Fluidic automation, the practice of programmatically manipulating small fluids to execute laboratory protocols, has led to vastly increased productivity for biologists and chemists. Most fluidic programs, commonly referred to as protocols, are written using APIs that couple the protocol to specific hardware by referring to the physical locations on the device. This coupling makes isolation impossible, preventing portability, concurrent execution, and composition of protocols on the same device.

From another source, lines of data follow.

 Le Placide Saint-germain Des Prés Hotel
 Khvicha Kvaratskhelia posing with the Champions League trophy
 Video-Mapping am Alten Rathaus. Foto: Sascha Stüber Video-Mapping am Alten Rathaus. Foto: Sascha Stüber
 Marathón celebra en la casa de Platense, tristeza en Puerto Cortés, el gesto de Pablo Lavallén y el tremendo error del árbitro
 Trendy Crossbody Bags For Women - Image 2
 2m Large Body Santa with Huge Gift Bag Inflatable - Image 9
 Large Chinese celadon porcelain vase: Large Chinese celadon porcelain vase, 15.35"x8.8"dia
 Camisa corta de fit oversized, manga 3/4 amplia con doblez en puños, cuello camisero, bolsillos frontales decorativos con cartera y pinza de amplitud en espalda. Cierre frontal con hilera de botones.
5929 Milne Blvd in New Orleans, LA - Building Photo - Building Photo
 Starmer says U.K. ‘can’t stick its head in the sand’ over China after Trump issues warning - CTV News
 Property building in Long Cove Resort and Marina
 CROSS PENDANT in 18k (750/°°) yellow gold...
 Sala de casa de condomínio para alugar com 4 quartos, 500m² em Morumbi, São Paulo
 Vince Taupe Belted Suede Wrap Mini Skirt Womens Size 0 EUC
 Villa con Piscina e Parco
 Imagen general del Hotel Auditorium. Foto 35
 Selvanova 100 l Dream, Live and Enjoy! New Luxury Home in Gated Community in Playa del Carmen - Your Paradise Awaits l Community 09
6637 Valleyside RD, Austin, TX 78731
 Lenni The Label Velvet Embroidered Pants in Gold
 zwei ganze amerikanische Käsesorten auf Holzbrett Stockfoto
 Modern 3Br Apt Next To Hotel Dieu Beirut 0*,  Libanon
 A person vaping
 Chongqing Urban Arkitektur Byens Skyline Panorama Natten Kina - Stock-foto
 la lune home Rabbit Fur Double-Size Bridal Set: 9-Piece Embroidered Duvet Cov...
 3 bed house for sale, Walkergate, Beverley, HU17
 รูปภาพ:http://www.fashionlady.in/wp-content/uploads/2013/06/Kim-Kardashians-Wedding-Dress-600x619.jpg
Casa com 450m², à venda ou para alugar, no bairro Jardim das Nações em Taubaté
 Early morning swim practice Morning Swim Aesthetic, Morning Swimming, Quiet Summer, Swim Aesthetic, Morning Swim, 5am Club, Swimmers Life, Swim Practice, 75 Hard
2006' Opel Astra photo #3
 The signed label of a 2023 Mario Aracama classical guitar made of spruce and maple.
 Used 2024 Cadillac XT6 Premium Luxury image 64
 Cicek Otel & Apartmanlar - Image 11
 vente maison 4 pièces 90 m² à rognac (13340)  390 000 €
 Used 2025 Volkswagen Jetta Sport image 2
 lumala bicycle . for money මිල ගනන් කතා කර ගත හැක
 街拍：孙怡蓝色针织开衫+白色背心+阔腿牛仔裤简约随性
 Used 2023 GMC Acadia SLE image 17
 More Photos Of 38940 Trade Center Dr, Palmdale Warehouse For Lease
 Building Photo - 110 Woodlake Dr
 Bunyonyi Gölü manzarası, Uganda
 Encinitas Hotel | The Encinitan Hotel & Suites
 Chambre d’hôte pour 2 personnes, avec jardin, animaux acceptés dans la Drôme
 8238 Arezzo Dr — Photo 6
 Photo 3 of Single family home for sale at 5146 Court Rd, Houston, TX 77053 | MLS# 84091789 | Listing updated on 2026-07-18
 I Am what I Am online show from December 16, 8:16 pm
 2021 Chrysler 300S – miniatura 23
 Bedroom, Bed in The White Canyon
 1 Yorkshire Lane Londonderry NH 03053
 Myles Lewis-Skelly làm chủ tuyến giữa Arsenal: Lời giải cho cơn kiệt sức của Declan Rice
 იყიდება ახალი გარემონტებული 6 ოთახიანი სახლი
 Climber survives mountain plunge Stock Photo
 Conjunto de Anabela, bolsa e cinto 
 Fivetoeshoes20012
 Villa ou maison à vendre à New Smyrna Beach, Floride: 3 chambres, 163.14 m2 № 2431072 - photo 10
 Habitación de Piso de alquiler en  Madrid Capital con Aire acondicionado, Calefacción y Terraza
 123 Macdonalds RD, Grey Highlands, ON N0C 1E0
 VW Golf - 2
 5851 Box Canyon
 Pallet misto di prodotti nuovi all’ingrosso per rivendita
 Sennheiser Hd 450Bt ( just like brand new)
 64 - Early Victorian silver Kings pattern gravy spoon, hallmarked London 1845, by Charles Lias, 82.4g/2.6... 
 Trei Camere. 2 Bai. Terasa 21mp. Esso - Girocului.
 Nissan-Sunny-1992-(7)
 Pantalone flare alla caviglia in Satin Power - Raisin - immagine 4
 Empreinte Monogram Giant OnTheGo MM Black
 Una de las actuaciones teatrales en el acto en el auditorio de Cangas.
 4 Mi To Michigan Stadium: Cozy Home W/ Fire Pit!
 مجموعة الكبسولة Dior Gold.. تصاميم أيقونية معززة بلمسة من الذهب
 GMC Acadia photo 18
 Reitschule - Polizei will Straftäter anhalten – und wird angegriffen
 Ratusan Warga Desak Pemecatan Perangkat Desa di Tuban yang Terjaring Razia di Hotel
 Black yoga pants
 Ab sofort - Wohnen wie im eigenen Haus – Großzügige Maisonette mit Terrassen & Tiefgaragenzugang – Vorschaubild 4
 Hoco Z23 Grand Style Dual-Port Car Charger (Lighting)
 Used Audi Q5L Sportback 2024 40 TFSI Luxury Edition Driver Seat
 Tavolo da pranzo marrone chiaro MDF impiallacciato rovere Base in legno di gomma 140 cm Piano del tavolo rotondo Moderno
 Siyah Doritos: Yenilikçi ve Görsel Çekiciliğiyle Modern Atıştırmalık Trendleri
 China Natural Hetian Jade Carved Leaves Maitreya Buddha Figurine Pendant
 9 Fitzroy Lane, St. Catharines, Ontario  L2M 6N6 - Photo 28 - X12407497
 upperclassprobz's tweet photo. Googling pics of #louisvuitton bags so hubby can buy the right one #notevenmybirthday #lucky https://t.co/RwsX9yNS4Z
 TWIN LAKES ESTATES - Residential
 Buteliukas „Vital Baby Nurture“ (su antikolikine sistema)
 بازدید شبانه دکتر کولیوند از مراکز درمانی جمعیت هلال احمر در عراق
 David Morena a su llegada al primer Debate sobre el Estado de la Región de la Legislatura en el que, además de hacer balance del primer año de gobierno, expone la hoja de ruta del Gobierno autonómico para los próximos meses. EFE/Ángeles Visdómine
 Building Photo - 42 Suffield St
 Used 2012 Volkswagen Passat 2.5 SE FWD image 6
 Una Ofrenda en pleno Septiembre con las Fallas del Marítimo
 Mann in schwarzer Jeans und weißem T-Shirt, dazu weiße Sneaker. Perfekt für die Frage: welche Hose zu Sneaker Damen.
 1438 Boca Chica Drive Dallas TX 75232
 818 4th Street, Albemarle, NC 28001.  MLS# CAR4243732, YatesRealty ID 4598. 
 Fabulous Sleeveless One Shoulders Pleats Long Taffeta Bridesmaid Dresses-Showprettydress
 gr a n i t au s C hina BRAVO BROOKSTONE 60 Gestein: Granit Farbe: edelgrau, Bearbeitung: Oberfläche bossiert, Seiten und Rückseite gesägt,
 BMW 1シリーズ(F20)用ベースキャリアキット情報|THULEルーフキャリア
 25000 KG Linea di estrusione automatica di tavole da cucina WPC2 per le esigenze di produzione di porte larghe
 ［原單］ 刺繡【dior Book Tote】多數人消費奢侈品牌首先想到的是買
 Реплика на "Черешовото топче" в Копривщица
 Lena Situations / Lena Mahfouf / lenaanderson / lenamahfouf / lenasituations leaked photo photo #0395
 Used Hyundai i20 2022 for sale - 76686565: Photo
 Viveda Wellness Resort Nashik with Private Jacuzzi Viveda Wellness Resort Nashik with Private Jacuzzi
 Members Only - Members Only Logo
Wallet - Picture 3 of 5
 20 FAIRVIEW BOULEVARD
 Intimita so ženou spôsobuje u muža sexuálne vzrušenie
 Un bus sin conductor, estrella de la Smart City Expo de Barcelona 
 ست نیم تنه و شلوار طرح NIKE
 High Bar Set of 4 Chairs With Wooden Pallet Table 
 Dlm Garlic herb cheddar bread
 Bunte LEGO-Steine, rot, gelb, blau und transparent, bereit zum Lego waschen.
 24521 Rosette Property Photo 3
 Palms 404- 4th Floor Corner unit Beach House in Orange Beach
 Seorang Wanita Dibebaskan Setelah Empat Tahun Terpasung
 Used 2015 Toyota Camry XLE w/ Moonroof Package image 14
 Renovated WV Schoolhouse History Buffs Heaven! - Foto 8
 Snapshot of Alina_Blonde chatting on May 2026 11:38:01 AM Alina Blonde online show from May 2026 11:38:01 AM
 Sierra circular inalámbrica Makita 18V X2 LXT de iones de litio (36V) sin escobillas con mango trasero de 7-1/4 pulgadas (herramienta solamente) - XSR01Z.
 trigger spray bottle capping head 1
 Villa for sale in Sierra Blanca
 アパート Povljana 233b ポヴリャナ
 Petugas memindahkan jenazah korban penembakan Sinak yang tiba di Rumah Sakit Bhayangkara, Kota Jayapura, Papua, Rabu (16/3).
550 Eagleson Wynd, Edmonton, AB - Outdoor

We propose a system for virtualizing existing fluidic protocols on top of a single runtime system without modification. Our system presents an isolated view of the device to each running protocol, allowing it to assume it has sole access to hardware. We provide a proof-of-concept implementation that can concurrently execute and compose protocols written using the popular Opentrons Python API. Concurrent execution achieves near-linear speedup over serial execution, since protocols spend much of their time waiting.